I was impressed by the recent Shelter Island Reporter editorial: “Community newspapers, essential to democracy” (Aug.28), which stressed the importance of small-town newspapers.

This point is strongly made by the Washington Post’s media columnist, Margaret Sullivan, in her recent book, “Ghosting the News: Local Journalism and the Crisis of American Democracy,” Ms. Sullivan mourns the closing of many small newspapers and the impact that demise has had on democracy.

Coincidentally, as I was reading about these developments, a friend told me of his discovery of a prophetic speech my grandfather, Eduard Lindeman, gave at his Alma Mater, Michigan State University in 1946. Lindeman was a professor at Columbia’s School of Social Work. In his speech, entitled “The Mood and Temper of the American People”, he discusses the demise of local newspapers, speaking some 70 years before Sullivan.

He writes: “The Press in America is slowly becoming a vast business monopoly … There are now 205 cities in the United States with one daily newspaper and one radio outlet, both owned by the same man. In the state of Virginia there are only twenty-five daily newspapers left in the whole state, sixteen of them owned by the same man.”

Those figures of course have gotten much worse.

In that talk, he expands his discussion from newspapers to radio, the dominant mass media platform at that time. He speaks of how what we now call media is “destroying the habit of democratic opinion formation. We don’t sit around in small groups any more exchanging our knowledge and our experience. We now wait to hear what our favorite commentator says about it … Some of them even have little tricks to make you believe that they are closer to the sources of knowledge than you are.”

This criticism of media is often heard now, but was little mentioned almost three-quarters of a century before. Now we speak of the internet, cable TV, and still, of course, radio, all creating division, conspiracy and hate.
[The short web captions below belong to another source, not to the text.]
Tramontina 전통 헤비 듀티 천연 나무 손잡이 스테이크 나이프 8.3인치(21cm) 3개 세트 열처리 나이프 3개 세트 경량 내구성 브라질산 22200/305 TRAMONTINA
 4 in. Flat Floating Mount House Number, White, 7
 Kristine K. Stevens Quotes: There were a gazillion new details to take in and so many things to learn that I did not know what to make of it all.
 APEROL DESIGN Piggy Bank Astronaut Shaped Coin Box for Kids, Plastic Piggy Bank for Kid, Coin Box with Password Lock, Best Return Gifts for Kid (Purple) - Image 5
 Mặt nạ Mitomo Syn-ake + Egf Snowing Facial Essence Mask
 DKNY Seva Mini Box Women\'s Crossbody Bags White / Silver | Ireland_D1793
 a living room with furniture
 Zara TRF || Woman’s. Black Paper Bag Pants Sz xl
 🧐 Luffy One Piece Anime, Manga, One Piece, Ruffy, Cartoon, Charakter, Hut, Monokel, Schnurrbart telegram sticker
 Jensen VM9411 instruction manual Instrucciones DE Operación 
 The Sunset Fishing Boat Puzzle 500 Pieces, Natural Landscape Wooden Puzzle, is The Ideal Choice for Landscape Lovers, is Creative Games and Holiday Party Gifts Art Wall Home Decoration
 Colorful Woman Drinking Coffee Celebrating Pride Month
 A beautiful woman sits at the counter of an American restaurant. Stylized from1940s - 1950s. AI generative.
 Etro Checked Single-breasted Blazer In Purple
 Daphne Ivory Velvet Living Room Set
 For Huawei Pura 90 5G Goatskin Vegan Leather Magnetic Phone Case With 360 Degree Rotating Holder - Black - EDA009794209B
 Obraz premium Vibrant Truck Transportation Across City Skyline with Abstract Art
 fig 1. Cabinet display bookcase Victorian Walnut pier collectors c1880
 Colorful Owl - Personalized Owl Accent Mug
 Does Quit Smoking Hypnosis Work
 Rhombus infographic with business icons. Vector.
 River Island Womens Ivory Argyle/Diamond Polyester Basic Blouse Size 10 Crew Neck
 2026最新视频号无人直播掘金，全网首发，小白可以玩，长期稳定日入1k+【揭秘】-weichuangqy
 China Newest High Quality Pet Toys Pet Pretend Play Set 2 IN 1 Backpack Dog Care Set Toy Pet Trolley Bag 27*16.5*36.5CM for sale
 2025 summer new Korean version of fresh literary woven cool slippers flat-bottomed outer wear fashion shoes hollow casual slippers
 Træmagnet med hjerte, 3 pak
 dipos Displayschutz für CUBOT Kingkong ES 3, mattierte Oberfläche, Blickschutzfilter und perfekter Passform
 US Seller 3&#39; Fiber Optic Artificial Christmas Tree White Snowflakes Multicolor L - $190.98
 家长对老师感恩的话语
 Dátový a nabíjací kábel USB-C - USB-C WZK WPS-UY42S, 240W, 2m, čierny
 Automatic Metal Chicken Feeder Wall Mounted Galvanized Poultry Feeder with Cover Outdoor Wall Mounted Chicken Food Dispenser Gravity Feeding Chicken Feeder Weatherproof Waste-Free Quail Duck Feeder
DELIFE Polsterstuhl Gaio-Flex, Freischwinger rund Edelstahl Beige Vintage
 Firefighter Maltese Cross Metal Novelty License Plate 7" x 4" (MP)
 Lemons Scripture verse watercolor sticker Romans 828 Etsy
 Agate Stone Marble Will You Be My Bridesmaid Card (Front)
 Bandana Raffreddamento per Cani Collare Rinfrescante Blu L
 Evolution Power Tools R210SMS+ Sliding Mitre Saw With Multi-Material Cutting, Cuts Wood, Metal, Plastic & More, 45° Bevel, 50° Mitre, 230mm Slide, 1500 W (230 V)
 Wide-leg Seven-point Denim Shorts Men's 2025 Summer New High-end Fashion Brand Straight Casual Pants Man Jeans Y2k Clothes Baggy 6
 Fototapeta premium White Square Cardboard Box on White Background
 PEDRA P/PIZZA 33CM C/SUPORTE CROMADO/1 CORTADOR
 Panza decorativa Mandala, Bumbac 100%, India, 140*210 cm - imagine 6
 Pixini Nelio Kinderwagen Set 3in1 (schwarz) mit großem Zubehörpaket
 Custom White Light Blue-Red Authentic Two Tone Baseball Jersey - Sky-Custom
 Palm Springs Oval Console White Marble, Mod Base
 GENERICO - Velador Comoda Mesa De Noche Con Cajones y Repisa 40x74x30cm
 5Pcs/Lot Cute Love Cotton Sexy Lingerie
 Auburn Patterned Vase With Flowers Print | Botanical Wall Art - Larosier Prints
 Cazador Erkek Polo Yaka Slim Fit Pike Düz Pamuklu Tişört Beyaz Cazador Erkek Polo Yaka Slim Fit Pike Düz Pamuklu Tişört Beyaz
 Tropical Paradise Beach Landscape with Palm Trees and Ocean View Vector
Much of Lindeman’s despair was influenced by his visit to Germany in 1945, just prior to this talk, where he served as an adviser to the British government. He described ”a sinister atmosphere” that engulfed him and led him to ask, “Could this happen elsewhere? Could something like this happen to my country, too? And finally, I had to answer in the affirmative. ‘Yes, this can happen.’ If you did the same thing in this country that the Germans did.”

One of those things he cites is how Germany manipulated public opinion into hatred and how hate destroys the hater.

There so many more prophetic statements, but I will end as Lindeman did with the things that give him hope. He lists a number of programs that the U.S. needs to undertake. It reads like the 2020 Democratic Party Platform: Housing, Health, Education, Race Relations, Stable Economy, and Foreign Policy. He says we have to stop supporting dictators, which makes him state that, “No wonder the world mistrusts us. No wonder our prestige has gone so low.”

But all is not lost, if American can recover its stature in the world, that will “give the world a fair hope for peace.”

I am so proud of my grandfather, a bold and far-reaching thinker, whose prophecies  and despairs sadly have turned into reality, but who still offers hope and, as he puts it, remains a “semi-discouraged optimist.”

Stephen Gessner, Ph.D., lives on Shelter Island and Amelia Island, Fla.